Menyusuri Gua Ek Lentie, Jejak Historis Tsunami di Aceh
- VIVA/Dani Randi
VIVA – Gua Ek Lentie atau gua tsunami purba yang terletak di Kecamatan Lhoong, Aceh Besar, Aceh ini menjadi bukti bahwa tsunami besar pernah melanda Aceh jauh sebelum Tahun 2004 lalu.
Gua ini disebut gua tsunami karena adanya gelombang tsunami yang menghantam pesisir wilayah Barat Aceh sejak kurun waktu 7.400 tahun silam. Hal itu diketahui bahwa terdapat endapan-endapan tanah yang berasal dari gelombang tsunami dan kotoran kelelawar yang hidup di gua.
Sekilas, gua ini sama seperti gua pada umumnya. Tapi, gua yang berbentuk L ini ternyata menyimpan potensi wisata geologi yang memiliki nilai sejarah yang cukup tinggi, terkait adanya tsunami.
Gua Ek Lentie terletak persis di pinggir pantai, berjarak sekitar 200 meter dari pantai berpasir putih. Gua ini tersembunyi di balik pepohonan kaki bukit Desa Meunasah Lhok, Kecamatan Lhoong, Kabupaten Aceh Besar.
Dari sini bisa melihat dua pulau di tebing gunung Geurutee seperti mengapung dan tertambat kokoh di atas laut. Sebelah utara, jalan besar Banda Aceh-Meulaboh membentang lurus memisahkan area ini dengan gugusan perbukitan puncak Krueng Teungoh.
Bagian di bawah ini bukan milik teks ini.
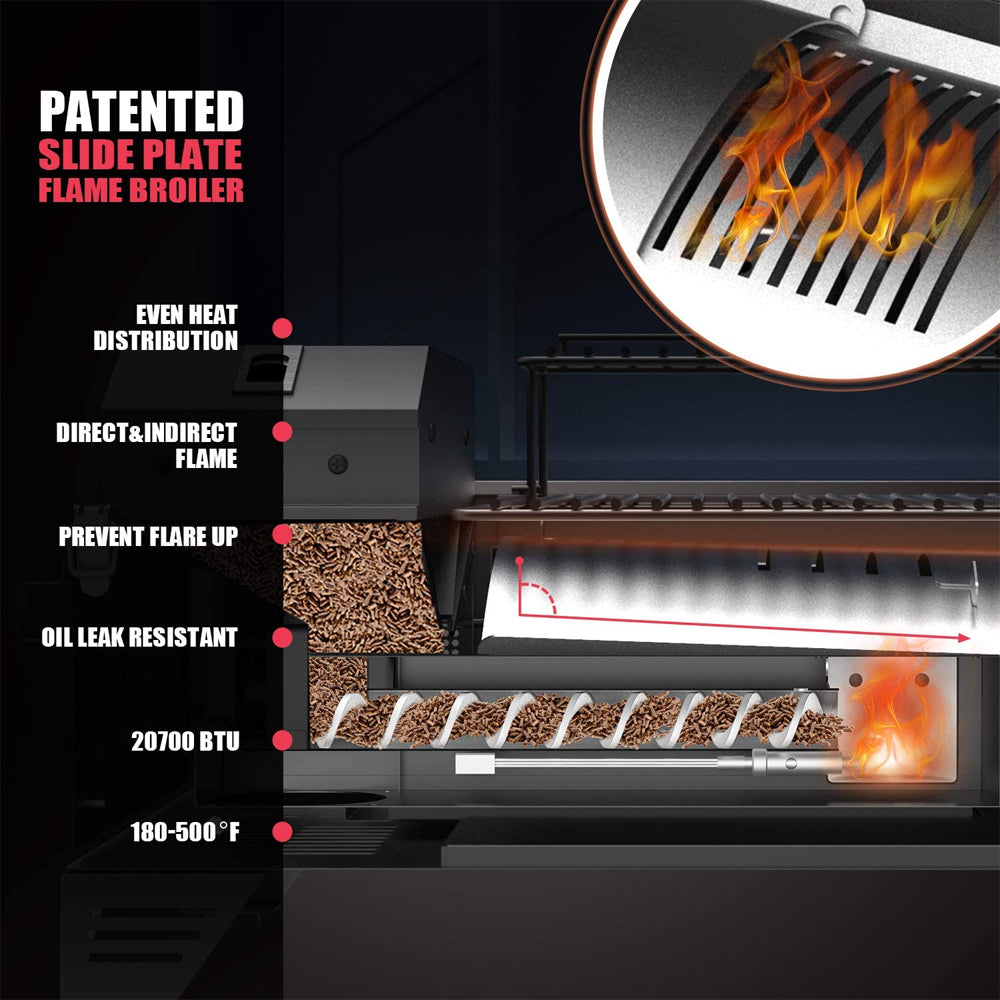 ASMOKE Portable 256 Sq Inch Pellet Grill and Smoker w/ Starter Kit (Open Box) - VMInnovations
Gua batu kapur tersebut hanya beberapa meter dari jalan raya, bahkan masih terlihat jelas dari pinggir jalan. Hanya ombak-ombak besar yang membanjiri daerah pesisir yang dapat memasuki gua tersebut.
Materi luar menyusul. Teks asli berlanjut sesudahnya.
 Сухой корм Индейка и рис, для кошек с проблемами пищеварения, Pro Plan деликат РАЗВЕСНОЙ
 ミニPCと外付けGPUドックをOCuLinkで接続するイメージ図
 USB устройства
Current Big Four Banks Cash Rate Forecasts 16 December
Ketika berada di mulut gua, suara kalelawar dan deburan ombak sangat terasa. Apalagi angin yang berhembus dari dalam gua memberikan kesejukan.
Melangkah sekitar 30 meter ke dalam, di dinding gua, terlihat akiklud lapisan bebatuan endapan (batu gamping) yang sifatnya kedap air, dan akifer (batu gamping yang sifatnya meluluskan air) menyatu membentuk ornamen unik.
Banyak lubang di langit-langit gua, di sela-selanya menggantung stalaktit seperti ingin jatuh ke dasar gua. Lantai gua dipenuhi kotoran kelawar, barangkali ini penyebab gua ini diberi nama Ek Lentie (kotoran kelelawar dalam bahasa Aceh).
Penemuan penting
Di samping itu, sejak gua ini diteliti Tahun 2010 lalu dan dipublikasikan pada 2014 dan 2017 oleh peneliti, penemuan gua endapan tsunami ini merupakan suatu penemuan penting untuk memperkaya kajian tsunami.
Menurut Kepala Badan Penanggulangan Bencana Aceh (BPBA), T Ahmad Dadek, Aceh menjadi tempat paling bagus untuk pembelajaran tsunami, dan menjadi laboratorium untuk memperkuat pencegahan dan kesiapsiagaan bencana.
Dadek tak menampik, gua tsunami ini sangat layak dijadikan sebagai destinasi wisata sejarah dan edukasi. Agar masyarakat bisa mengetahui bahwa tsunami Aceh bukan pertama kali terjadi, tapi sudah berulang kali diterpa tsunami.
“Lokasi ini memang cocok untuk kita jadikan edukasi. Kalau bukan kita yang berbuat siapa lagi,” ujar Dadek saat meninjau lokasi gua Ek Lentie.
Pihaknya bersama Pemerintah Daerah Aceh Besar tengah menyiapkan rancangan untuk memoles gua ini. Dan tengah menyiapkan rancangan pembangunan untuk Geopark.
“Gua nantinya akan diwarnai dengan papan informasi sehingga setiap orang datang tahu bahwa sebenarnya tsunami di Aceh ini bukan terjadi sekali tetapi sudah berulang kali. Namun kenapa hingga saat ini kesadaran terhadap bencana masih kurang. Nah di sinilah nanti menjadi edukasi bagi masyarakat,” ucapnya.